Narraciones de segundo orden, realizadas por encargo, procedentes de un género que estaba irremediablemente vinculado a un mercado (como los cuentos navideños). Esa industria sigue viva, pero más como una atmósfera, la del entretenimiento. Como “El grabado”, este cuento tiene algo de cinematográfico: la casa de muñecas embrujada –como la del inicio de El legado del diablo de Ari Aster– cobra vida. A través de sus ventanas, iluminadas como si se viera un holograma, se puede atestiguar una tragedia en movimiento. Con su arquitectura gótica Strawberry Hill, la casa descansa sobre una mesa y, tras escucharse ominosamente el tañido de su diminuto campanario, quien duerme en esa habitación está condenado a ver lo que ocurre dentro de ella.

La imagen me recuerda al televidente noctámbulo, quien malgasta horas de sueño para ver La caída de la casa Usher en Netflix, una nueva entrega en la serie de miniseries que Mike Flanagan ha dedicado a casas embrujadas, aunque ello implique pisotear relatos de Poe, una novela de Shirley Jackson u otra de Henry James (de lo que ha cometido Flanagan para Netflix, yo rescataría algunos momentos de Misa de medianoche, de 2021). A propósito de adaptaciones de Poe, este ensayo de Geoffrey O’Brien sobre el ciclo de Poe de Roger Corman merece ser leído.

La casa de muñecas de James está erigida sobre una base llena de cajones. En ellos, en pequeños compartimentos, se encuentran cortinas a escala, muebles y otros objetos decorativos, que permiten cambiar los interiores de la casa al gusto de quien la posee. Estos objetos intercambiables, que dejan su huella en bases de fieltro, están ocultos, pero sabemos que están allí para que, en cualquier momento, algo viejo vuelva a presentarse como novedoso. Ya son famosas las palabras de Lucrecia Martel sobre las series, ese retroceso al arte narrativo del XIX, con su “estructura mecánica”. Vuelve aquí la imagen del cajón que se abre para revelar un compartimento secreto –como los que pueblan el escritorio del rey Carlos Alberto de Cerdeña–, como los muebles presentados en las cortinillas (muy a la Hitchcock presenta, muy a la Rod Serling) de El gabinete de curiosidades de Guillermo del Toro (2022), que eran especialmente deleitables.

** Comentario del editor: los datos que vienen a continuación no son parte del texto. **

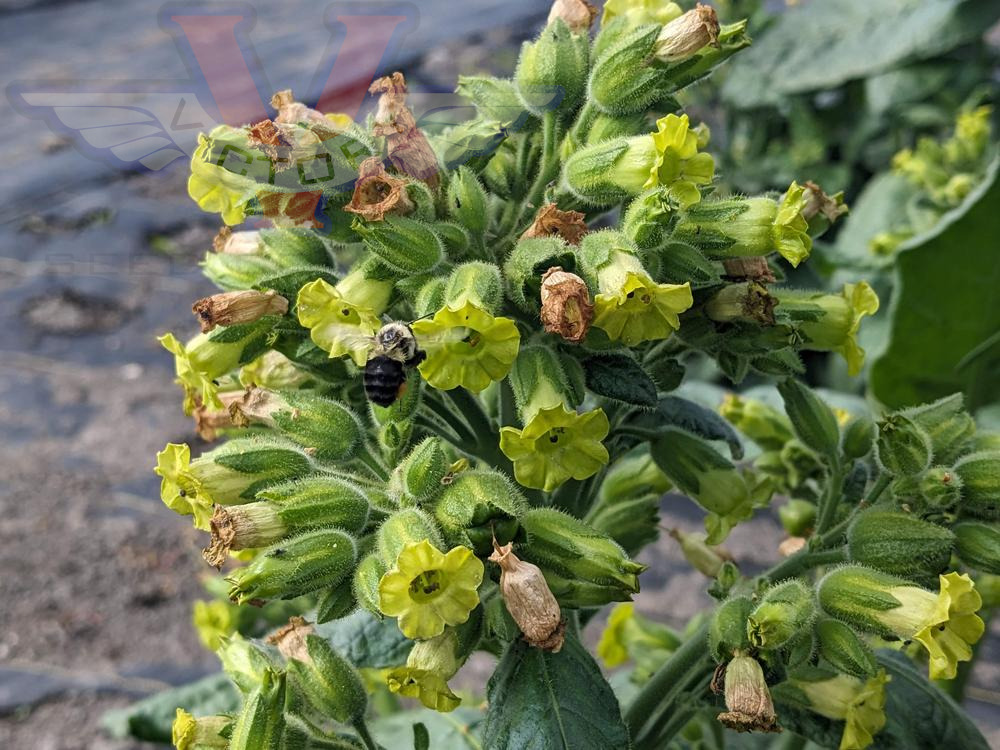 Punche Tobacco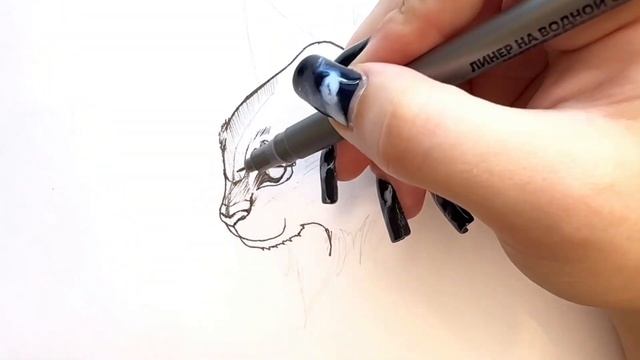 Рысь-Очень Выносливое Млекопитающее Семейства Кошачьих!Рисуем Линером! Легкотня Просто! смотреть онлайн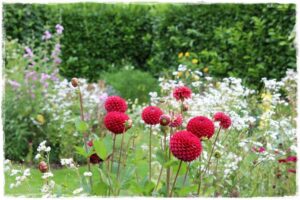 Babcine kwiaty w ogrodzie – odkryj popularne rośliny z czasów naszych babć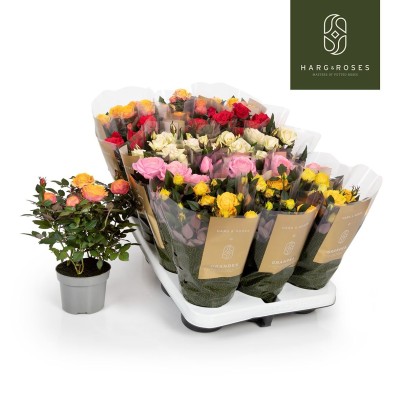 Rosa 'Kordana' MIX 2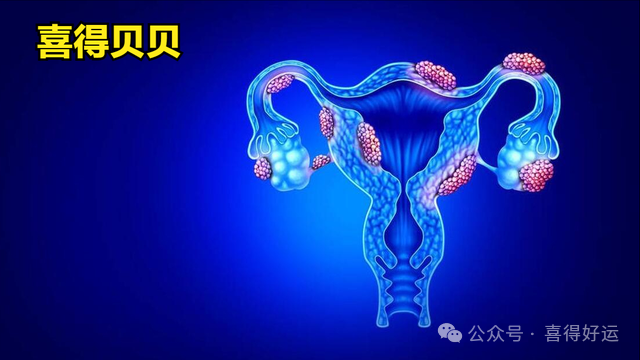 喜得贝贝：内膜厚度OK就移植？决定好孕的两大要素揭秘，子宫内膜容受性与胚胎筛选的关键作用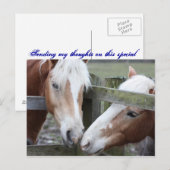 Zwei Pferde Postkarte (Vorne/Hinten)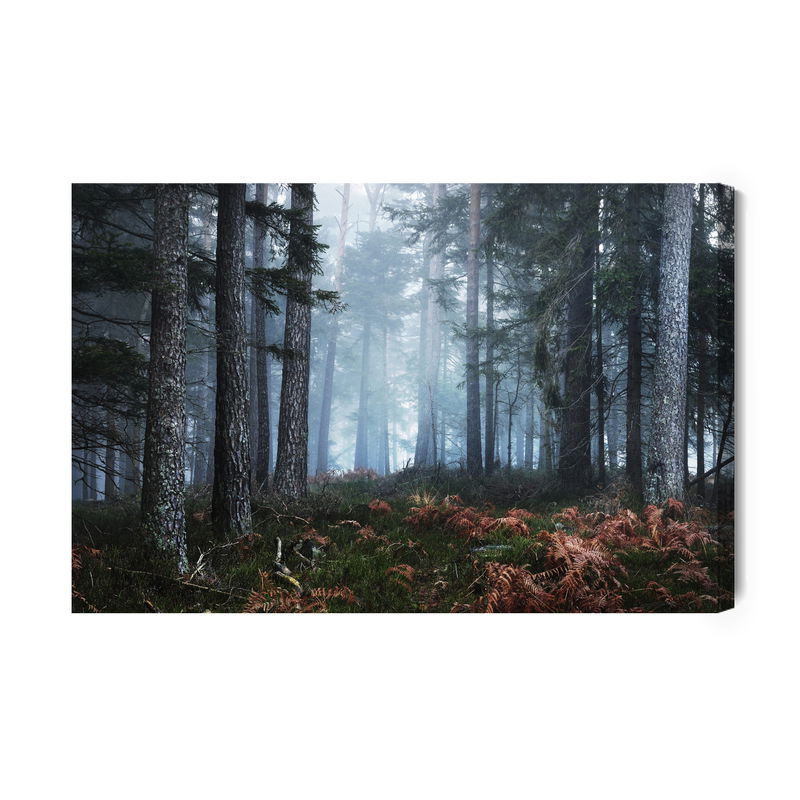 Ljuddämpande tavla - Forest in the fog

¿Hay mucho más por pensar en relación a las series, los productos narrativos, las adaptaciones televisivas, los relatos intercambiables y las antologías como un género de la crítica? O ¿estamos, una vez más, en las aguas superficiales de la crítica cultural? En ellas chapoteó Mark Fisher, cuando escribió sobre series de segundo orden que aparecieron en la BBC (donde también se han transmitido múltiples adaptaciones de relatos de M.R. James, en su serie anual Cuentos de fantasmas para Navidad, que se transmitió a finales de los setenta, y de nuevo a partir de 2005).

Roal Dahl –a quien recientemente le hicieron la netflixeada, en una serie de cortos a cargo de Wes Anderson que subrayan lo performático de los relatos que operan como matrioshkas– conocía el terreno en el que vive el cuento de fantasmas, como algo que peligra ser adaptado, pero que también, hay que insistir, obedece fórmulas mecánicas. En la introducción a su antología Los fantasmas favoritos de Roal Dahl (1983) cuenta sencillamente cómo esa colección nació de una serie que ideó a finales de los cincuenta, pero que no pasó más allá del piloto. La experiencia, relata, se midió esencialmente en números (la cantidad de cuentos que tuvo que leer hasta dar con algunos que le parecieran buenos; los errores de cálculo financieros; el número de mujeres que escriben cuentos de fantasmas; el número de hombres; etcétera). Pero se atreve a afirmar: “Los mejores cuentos de fantasmas no tienen fantasmas en ellos. Al menos no se ve un fantasma. En su lugar sólo se ve el resultado de sus acciones”. Mesmerizado en la niebla del entretenimiento, intento poner atención a la presencia que pasa junto a mí, en cómo de pronto cae la temperatura y el nivel de la conversación. ¿Qué nombre tiene este espectro?